Another beginner question.
Is there a wiki article somewhere discussing how the bitcoin system is going to scale to a large economy? I have seen the stuff about coins being divisible so it can be used for any volume of traffic, but what about the blocks?
Currently each client has to collect signed blocks of transactions that are distributed across the network. These blocks contain every transaction made by every user. I understand that like bittorrent a large amount of data can be sent to every user, but ever user seeing every transaction isn't going to scale. Moreover, if you are in generating-mode your client needs to receive all pending transactions to see if they can be combined to create a new block. (I assume the pending transactions are not sent to clients that are not generating blocks.) That is twice the volume and is fragmented into many different pieces. What is the plan for this to scale?

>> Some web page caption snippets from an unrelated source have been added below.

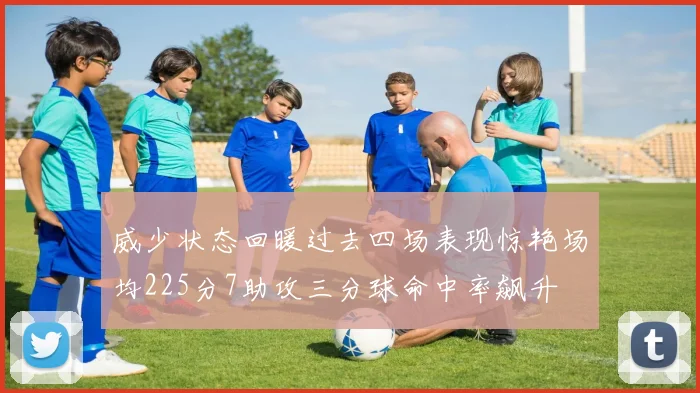 威少状态回暖过去四场表现惊艳场均225分7助攻三分球命中率飙升
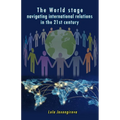 The World stage - navigating international relations in the 21st century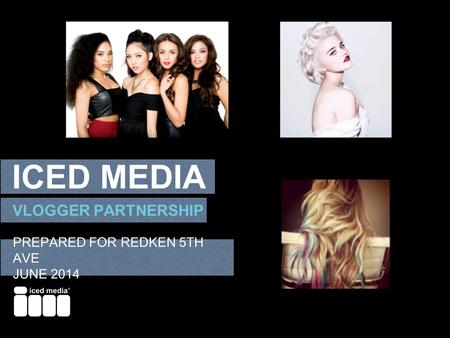 VLOGGER PARTNERSHIP PREPARED FOR REDKEN 5TH AVE JUNE 2014 ICED MEDIA.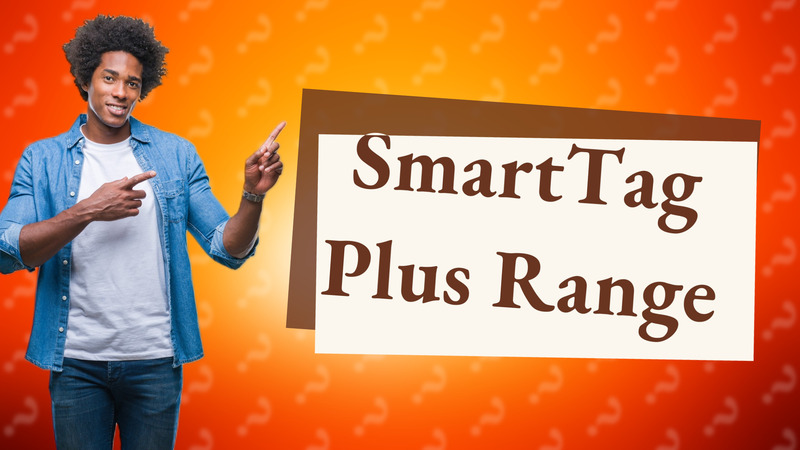 SmartTag Plus Range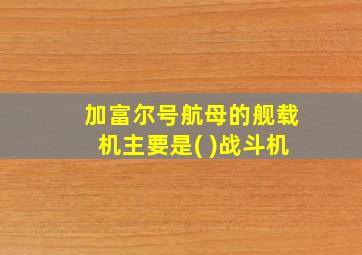 加富尔号航母的舰载机主要是( )战斗机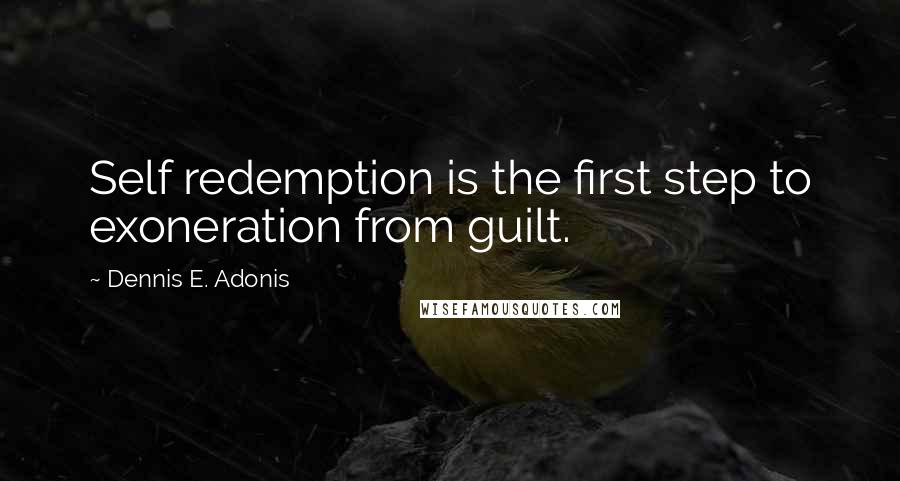 Dennis E. Adonis quotes: Self redemption is the first step to exoneration from guilt.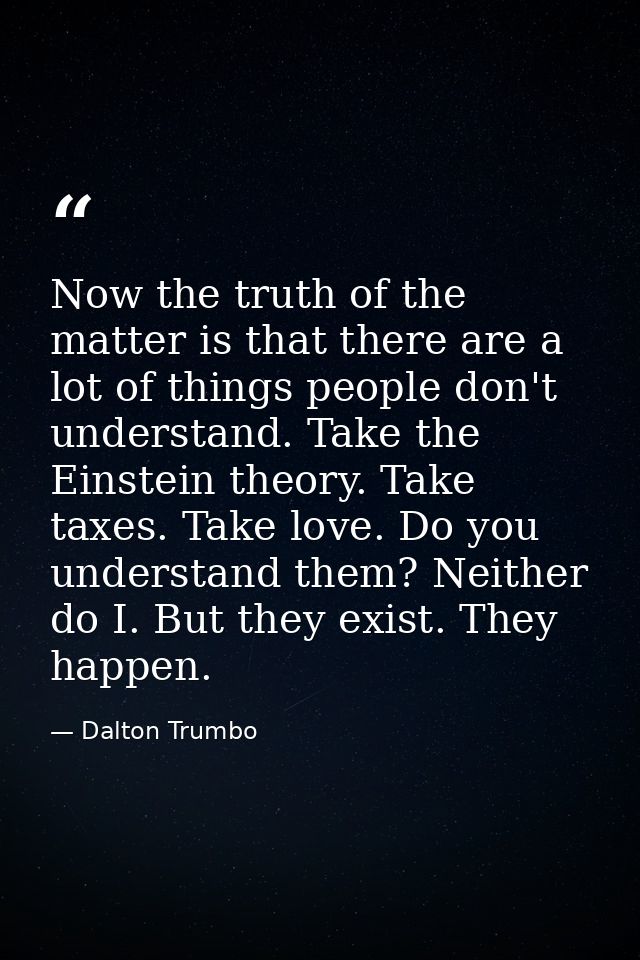 Now the truth of the matter is that there are a lot of things people don't understand. Take the Einstein theory. Take ta — Dalton Trumbo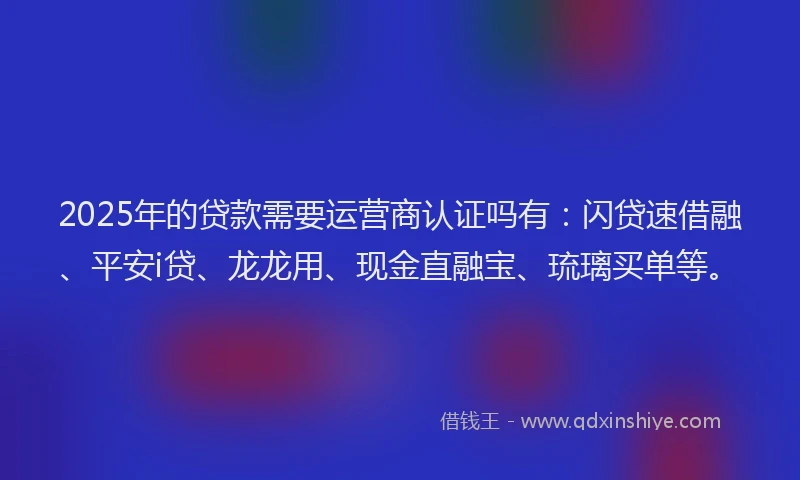2025年的贷款需要运营商认证吗有:闪贷速借融、平安i贷、龙龙用、现金直融宝、琉璃买单等。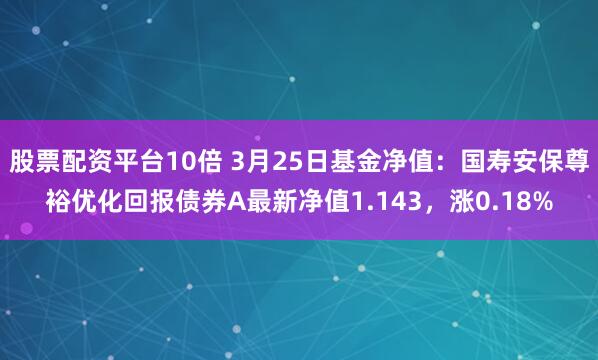 股票配资平台10倍 3月25日基金净值:国寿安保尊裕优化回报债券A最新净值1.143,涨0.18%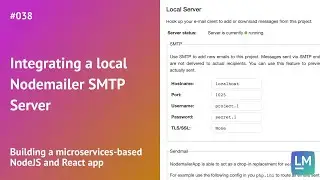 Integrating a local Nodemailer SMTP Server: Building a microservices-based NodeJS and React app 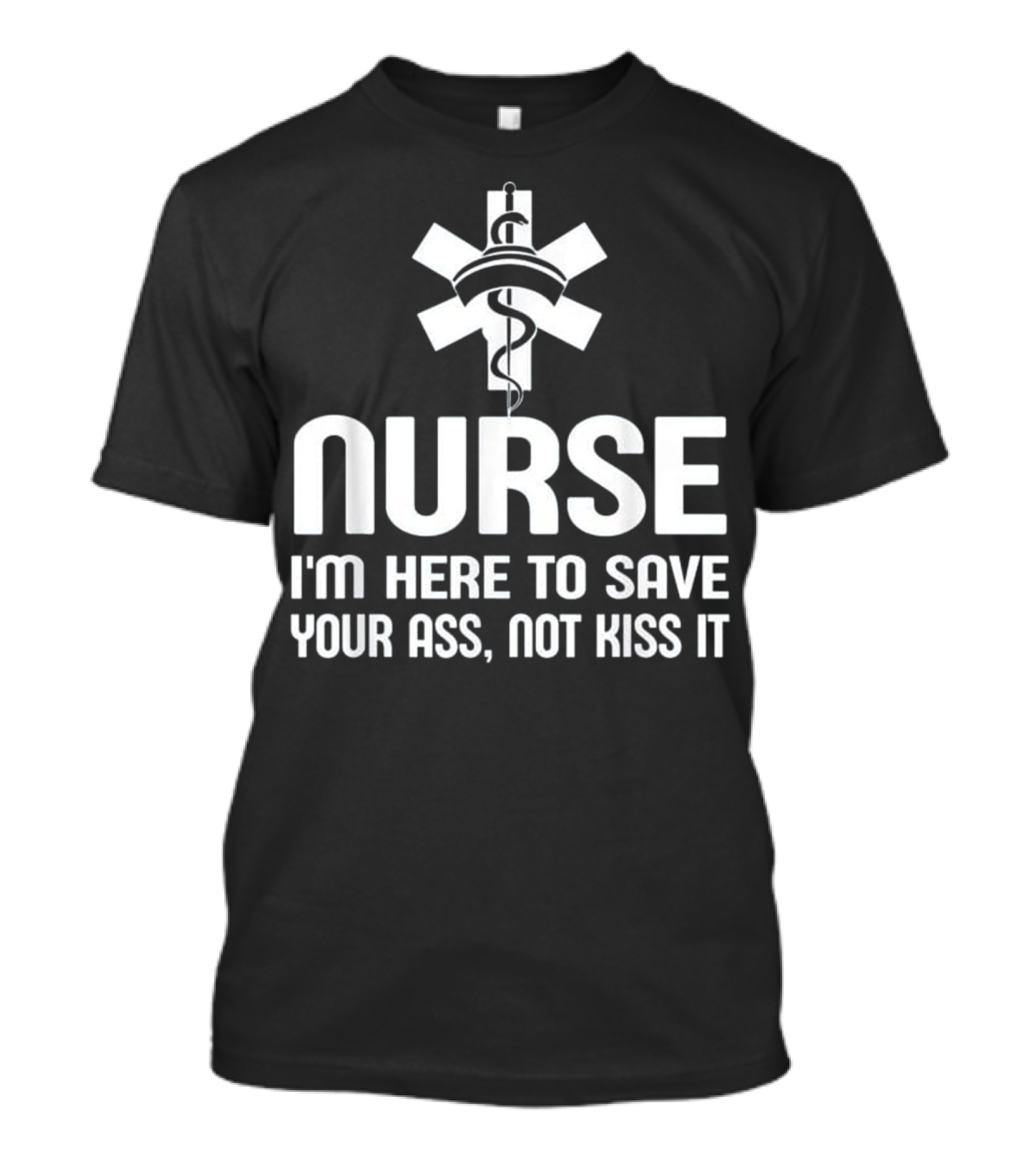 Nurse I'm Here To Save Your Ass Not Kiss It Medical T-Shirt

This is actually not required, and not all clients, generating or not, always see every transaction. Mostly because this
isn't a requirement, Bitcoin can scale very well. The target block interval was chosen as a balance between future network latency and timeliness of confirmations. The amount of data that a given client sees is partly related to the number of connections that it maintains, as the same transactions can be sent to a given client from multiple peers. But a full client doesn't
need more than two or three trusted peers, just to be able to verify that the blocks that it receives from a single source aren't fake. A light client needs only one trusted connection, and may be able to do without the blockchain at all. Clients not in the business of generating don't need transaction traffic, and light clients wouldn't see much traffic not their own. Granted, the blocksize could grow very large when the number of transactions it is recording is in the 100's of thousands, but by that time the business of block generation would likely be confined to the computing resources of major financial institutions which have a deep vested interest in blockchain security.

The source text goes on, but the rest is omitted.